May 03, 2011 at 03:47 PM
written by Michael Munson

The Long Tail of Sponsorship is Coming

If I demanded the Earth was round today, you would say “duh!” There was a time however, that this notion would have made people question my intelligence. It was also once accepted to think sneezing was the act of ridding your body of an evil spirit. The fact we will still today say, “bless you” after one sneezes is just a vestige of a long since unproven myth. It is now pretty widely accepted that sneezing is caused from an irritation of our nasal hairs, not us trying to rid our bodies of unwanted evil, unless of course you consider a dust particle evil.

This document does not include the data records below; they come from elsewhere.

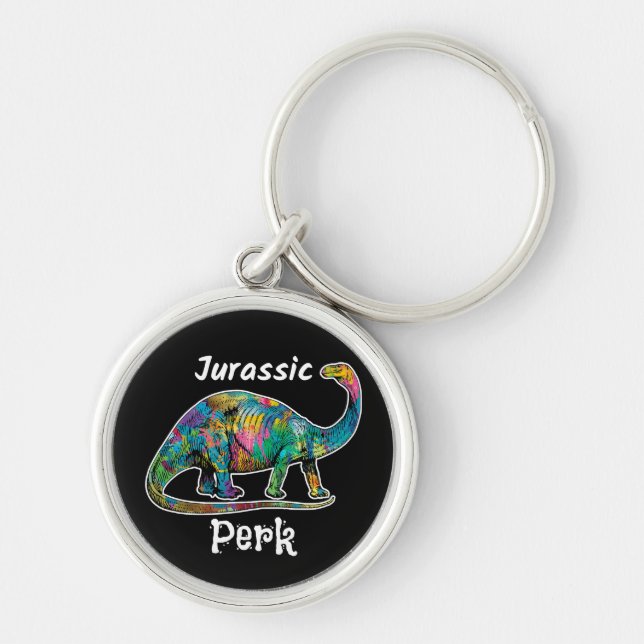 Jurassic Perk Colourful Dinosaur Black Key Ring (Front)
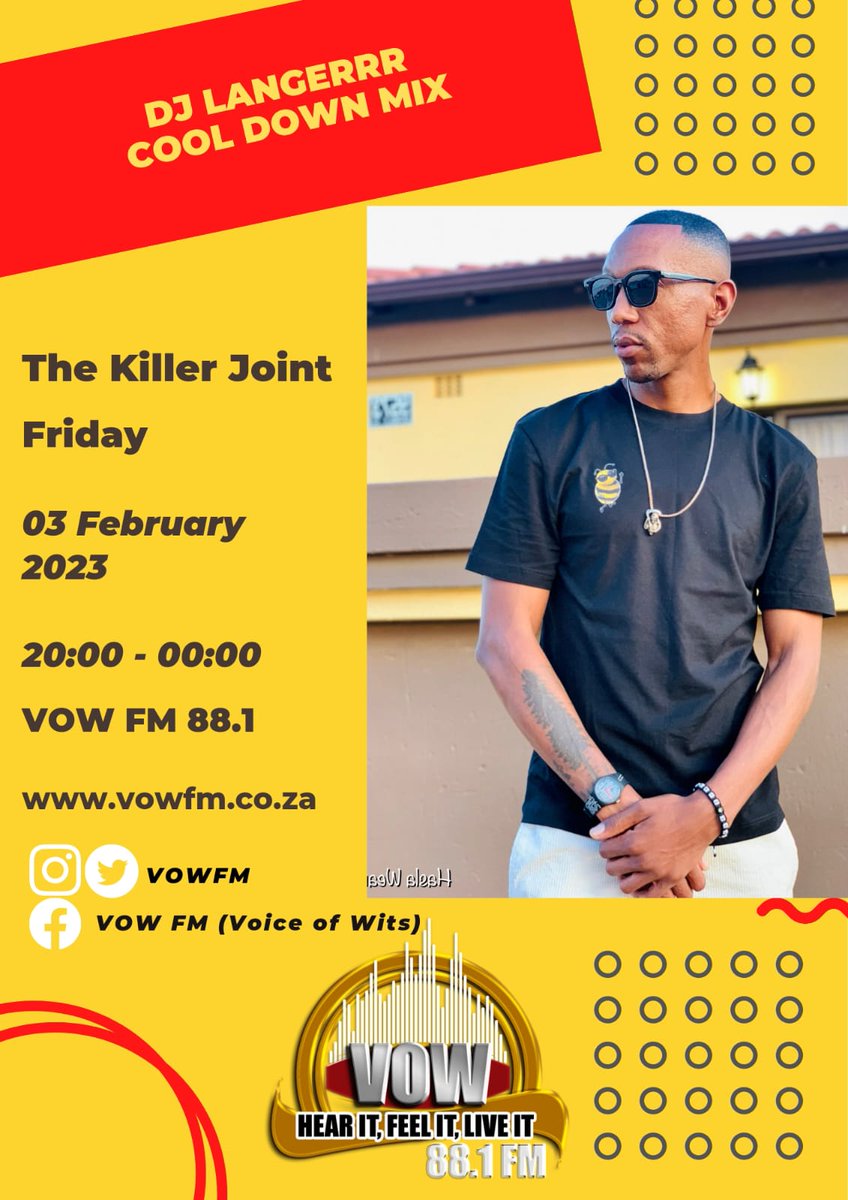 RealDjSonyce's tweet photo. It's Friday and let's all please meet on the radio with #TheKillerJoint rocking you from 8pm till midnight only on @vowfm . Music served by @LangerrrSA @SelvilleRecords @mlar and @TheBang https://t.co/fUNjWtFomI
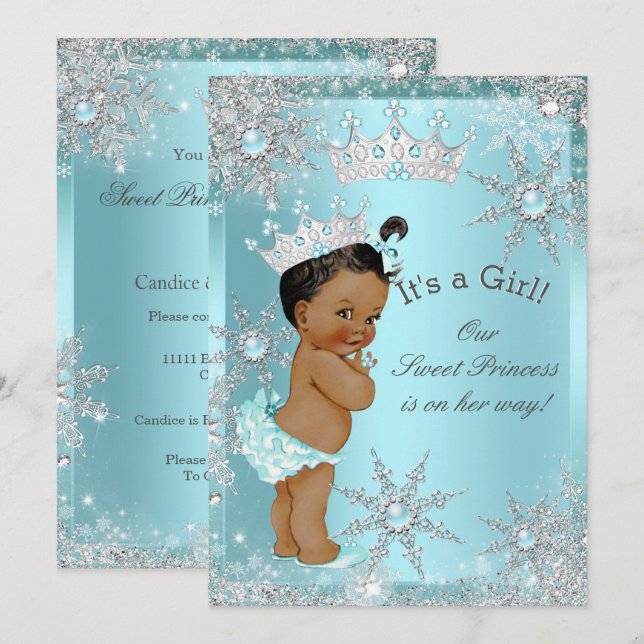 Convite Doce Menina Princesa Chuvada de Bebê Azul Étnico (Frente/Verso)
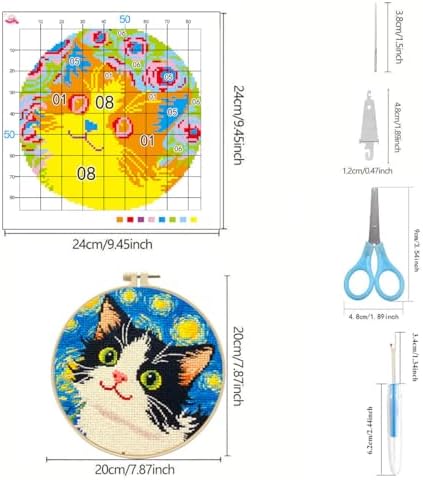 Zhenqing 3 Pack Cat Stamped Cross Stitch Kit for Beginners - Image 6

The point is paradigms change as our knowledge evolves. Just as at one time it was acceptable to believe Earth was flat, so to do I believe a time will arrive that it used to be the accepted truth that properties with great media reach offer more value than sponsorship properties without significant media reach. To me in fact, that time has already arrived. An evolution is underway that is going to change the way the sponsorship marketplace functions. As with any other burgeoning trend, those that are ready for this change to occur first will capitalize on it the most.

This week’s Ahead of the Curve interview with Marty Teller of the Trenton Thunder is a great example of someone ready for this change and why it is only a matter of time before a giant sea change in the way sponsorship dollars are spent, and for that matter, how sponsorship programming is executed, is upon us. The notion that the best way to execute sponsorship was to by the NFL shield or the Olympic rings, a bunch of ad media, run a contest, and fork over tens of millions of dollars for the privilege, is going to be laughed at by future generations of marketers in much the same way we now scoff at those that questioned Magellan, Aristotle, Pythagoras, etc. for believing the Earth was round.

I’ll say it now, those NFL and NBA players and their team owners had better get used to doing more with less, because as I mentioned in my post last week, the real value is the consumer, not the players and the teams. Guys like Marty Teller understand this. If properties like his (there are thousands) can deliver better results on a dollar per dollar basis than his media heavy brethren (because they can make greater impacts in local communities), it is simply a matter of time before the mentality switches in corporate marketing operations from “bigger is better” to “better is better.” I mean if you can increase your margins by 10% with more, locally based and activated sponsorships over what you can with national based and locally activated sponsorships… do I even need to finish the thought?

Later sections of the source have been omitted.